Maren hardened her lips. “We will just have to agree to disagree on that.”

He shook his head. “It’s weird that can feel so motherly toward things you have no intention of endowing with the ability to
survive
.”

She wanted to kill him. He was loving it.

“Dowd, you have to take me,” she said through clenched teeth.

“No I don’t,” he said brightly, and started to walk away.

“Dowd!”

He stopped suddenly, and turned around. A smile played at the corner of his lips, creasing those old lines that she used to love so much. He breathed slowly through his nose, watching her, knowing that she had a mental countdown of the available moments of daylight going through her head right now.

Without breaking her gaze, he snapped his fingers. A burly man with his head completely covered stepped over to him with his back to Maren. They bent their heads together and Dowd whispered to him. The man trudged toward the closest truck, got in and started the engine with a belch of diesel roar.

Maren held out her hands, defeated.

“Get in the truck,” he muttered.

She sucked in her breath. “What?” she gasped.

“Get. In. The. Truck.”

“But,” she stammered, “I have to say goodbye…”

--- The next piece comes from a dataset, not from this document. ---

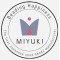 Miyuki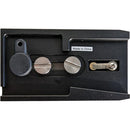 Leofoto MP-120 Universal Lens Plate (4.7")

“No time!” he called, and began to get in the truck. Another figure stepped out of the passenger side door. He held it open and gestured to Maren.

“But!” she protested.

“Get in or I am leaving without you!”

Maren spun around helplessly. Sunshi was on her knees, eyes finally closed. He was probably only bio-scrap now, Maren knew. Really, she couldn’t have gone anywhere with Dowd.

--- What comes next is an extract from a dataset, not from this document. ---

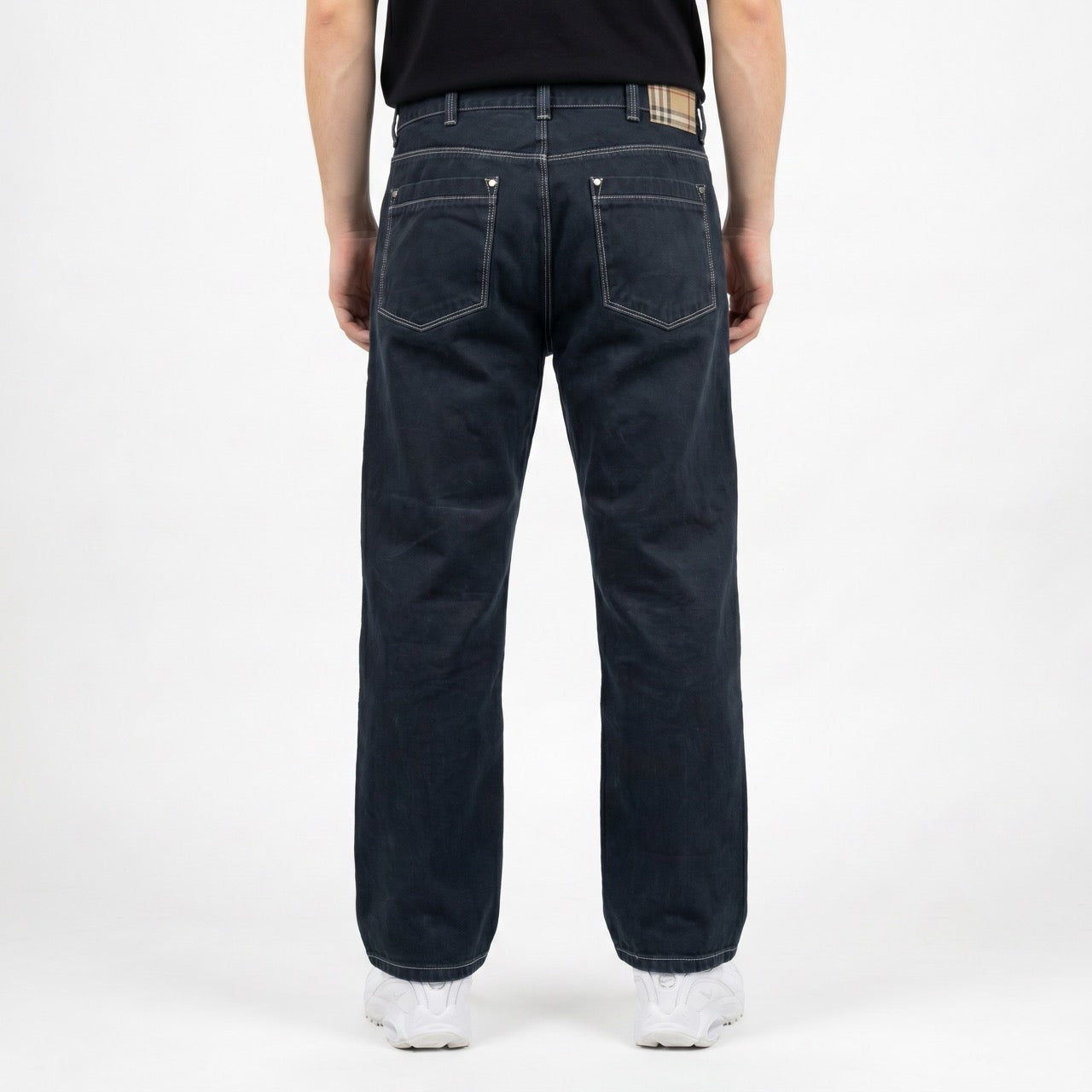 Burberry Jeans (M)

She looked around the courtyard frantically. A few people left their doors and hurried to the stockrooms, where two of the trucks had rolled over to begin unloading. Tom waved over his shoulder to her. He was the only one. No one else even came to their doors.

She waved meekly at no one and got in the truck.

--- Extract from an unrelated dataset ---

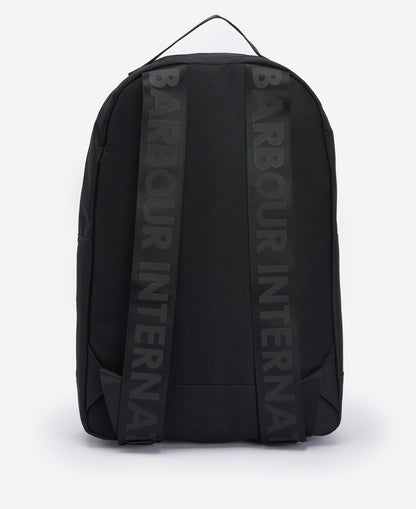 Knockhill Essential Backpack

It stank like shifter in the passenger seat. She was sure there were tufts of hair in the ventilation system. She had no clothes, no gear, no tech. What was she thinking? But she had been out of time. There was no other choice to make.

Turning to Dowd, she struggled for something clever to say, something to turn this crushing feeling of defeat around. He met her eyes with a look of triumph. She wanted to scream, but bit her lip until she drew blood instead.

“Tran,” he said, “will be so pleased.”

Maren sucked in her breath, trying to quell the sick feeling in her stomach. This had been the plan, then. She searched his eyes for some sign that he still held some softness for her, that he wasn’t just going to leave her to Tran’s whims. But she saw only hardness there. Disappointment. Too much time.